Na etapie ubierania w kolory naszego salonu czy innych wnętrz, kuszeni jesteśmy mnogością propozycji kolorystycznych, zazwyczaj najbardziej inspirujące, charakterystyczne i intrygujące, to barwy mocniejsze, jednak przy ich stosowaniu wymagane są: podstawowa znajomość ich oddziaływania na przestrzeń oraz na nas, niezbędny jest także rozsądek i dyscyplina dotycząca właściwego dopasowania do nich pozostałego wystroju pomieszczenia.
Od czego więc zacząć?
Po pierwsze musimy określić choćby częściową koncepcję wykończenia i urządzenia wnętrza, zdecydować, które barwy czy ich zestawienia zawsze lubiliśmy, jeśli zamierzamy poeksperymentować, pójść zupełnie nowym nurtem i nie wiemy jakich barw chcemy, zdecydowanie warto wesprzeć się magazynami wnętrzarskimi w formie drukowanej czy w internecie, setki rozmaitych fotek wnętrz z pewnością podsuną nam jakiś pomysł na kolory, jakie chcielibyśmy zastosować w naszym domu, ciepłe, zimne, żywe czy zgaszone, w jakiej ilości i na jakiej powierzchni? Każde rozwiązanie kolorystyczne powinno być poprzedzone wstępną analizą, nie bez znaczenia będzie wielkość salonu, jego nasłonecznienie, kolor mebli, podłogi i dodatków. Nasze zabiegi tyczące się wystroju kolorystycznego naszego salonu, powinny być metodyczne i z przeanalizowaniem wszelkich za i przeciw, na pewno zaprocentują tym, że będziemy cieszyli się z naszego reprezentacyjnego w końcu wnętrza, w którym nota bene w ciągu dnia najdłużej przebywamy. Ponieważ w większości jesteśmy wzrokowcami, stosowanie się do teorii koloru jest ok., nie mamy jednak aż takiej zdolności wyobrazić sobie konkretnej barwy w otoczeniu innych, dlatego oglądanie przykładowych rozwiązań przed wyborem koloru, będzie dobrym posunięciem. Rozsądną metodą, stosowaną nie rzadko nawet przez projektantów wnętrz, będzie zakup próbki wybranego wstępnie koloru lub kolorów i pomalowanie kawałka ściany, nasza percepcja barw uzależniona jest od powierzchni na jaką spoglądamy, patrząc na niewielki wycinek koloru na wzorniku a potem na wymalowaną konkretną powierzchnię, na którą pada naturalne światło, zdarza się, że dochodzi do rozczarowań, w wypadku mocnych barw jest to jeszcze bardziej prawdopodobne.
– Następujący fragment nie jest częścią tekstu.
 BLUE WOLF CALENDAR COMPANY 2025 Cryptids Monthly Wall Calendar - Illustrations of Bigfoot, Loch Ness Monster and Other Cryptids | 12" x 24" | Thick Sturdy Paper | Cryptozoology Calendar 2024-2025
Barwy, zależnie od swojej intensywności oraz podziału na ciepłe i zimne, mogą całkowicie odmienić każde wnętrze, powiększając lub zacieśniając je optycznie, tworząc atrakcyjną i od razu do polubienia przestrzeń ale też nudną i męczącą, wyraziste zielenie, czerwienie, szarości, fiolety, brązy czy róże, mogą wydawać się super atrakcyjne na wzorniku NCS, niemniej na konkretnej powierzchni, na którą pada światło pod danym kątem i w otoczeniu innych barw, wyrazisty kolor może okazać się niewypałem albo też idealnie trafionym, ale tak to już jest z mocnymi kolorami, ich wybór i zestawianie z innymi barwami jest bardziej absorbujące.
Mocny akcent kolorystyczny, to dobry wybór.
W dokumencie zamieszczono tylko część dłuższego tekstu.